Certain surveillance activities, such as covert examination of postal or telegraphic items, wire tapping or covert observation of information transmitted through technical communication channels or other information or staging of criminal offence (art-s 116, 118 and 119 of CCP) can only be conducted with a permission of a preliminary investigation judge, who shall immediately review the prosecutor’s reasoned request for the conduct of surveillance activities and grant or refuse to grant permission for the conduct of the surveillance activities by a ruling (CCP art 114).

As terrorism is a criminal offence in the first degree, these provisions also apply to the investigation of suspicion about this crime.
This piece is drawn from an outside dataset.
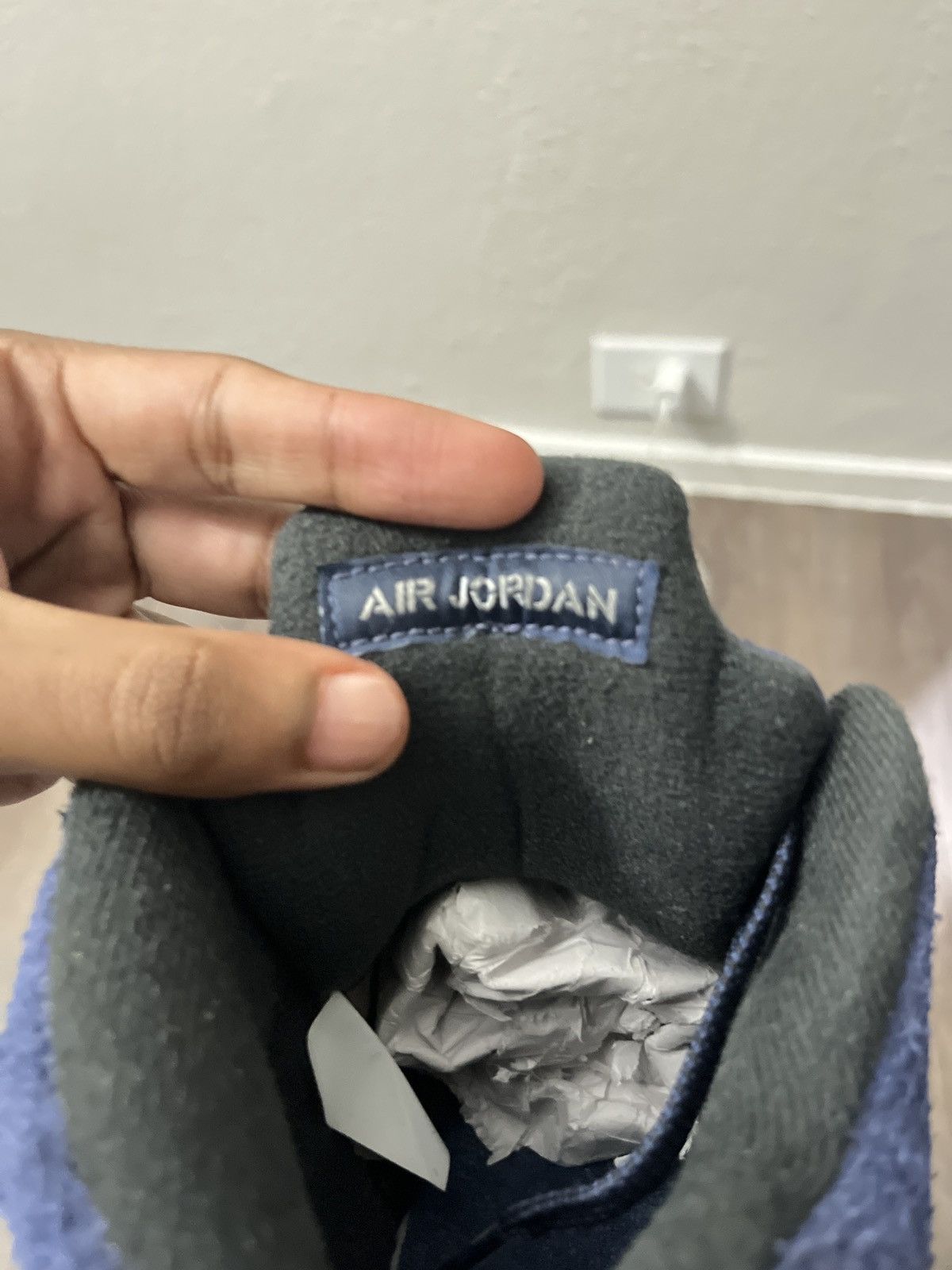 Nike Air Jordan 5 “Midnight Navy” Grade School Size US 8 / IT 38 - 3 Thumbnail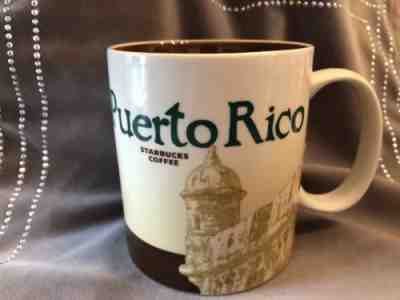 Starbucks Puerto Rico Global Icon City Collector Series Mug EUC?? - Sold on eBay Oct, 15th 2018 for $14.99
There are no special regulations for investigating or conducting surveillance activities in case of a suspicion about terrorism.

Another measure applicable to cases where suspicion about terrorism exists is the procedure offered by the Framework Decision on the European Arrest Warrant[21] which is implemented into national legislation as a separate chapter in the Code of Criminal Procedure. Article 491 section 2 clause 2 of this Code allows for the surrendering of a person, among other things, also for commission of terrorism or participation in criminal organisations, regardless of the punishment pursuant to the Estonian Penal Code if imprisonment of at least three years is prescribed as punishment in the requesting state.

There is one specialised court in Estonia which is responsible for giving permissions for conducting surveillance activities and two specialised courts for the surrendering of persons on the basis of the European Arrest Warrant. In practice, there have been no requests for conducting surveillance activities on the grounds of a suspicion of terrorism. Neither have there been any requests for surrendering someone on the grounds of suspicion of terrorism.

D.3.     What means does your country use to reconcile the demands of security and of the protection of human rights in cases where suspicion about terrorism exists? Please indicate the measures taken, in particular in the fields of criminal law, administrative law, admission, exclusion and deportation of aliens, and preventive actions.

Can you quote some specific cases where the question about such reconciliation was raised?

No specific cases where the question about such reconciliation was raised can be quoted.

Still, Estonian Acts contain some regulations (presently still significant in theory only) adoptable in the cases where the demands of security and/or of the protection of human rights in cases where suspicion about terrorism exist.

E.g. art 7 of the Code of Criminal Procedure repeats the principle of the presumption of innocence[22], art 8 foresees the safeguarding of rights of participants in proceedings[23], art 9 safeguards personal liberty and respect for human dignity[24].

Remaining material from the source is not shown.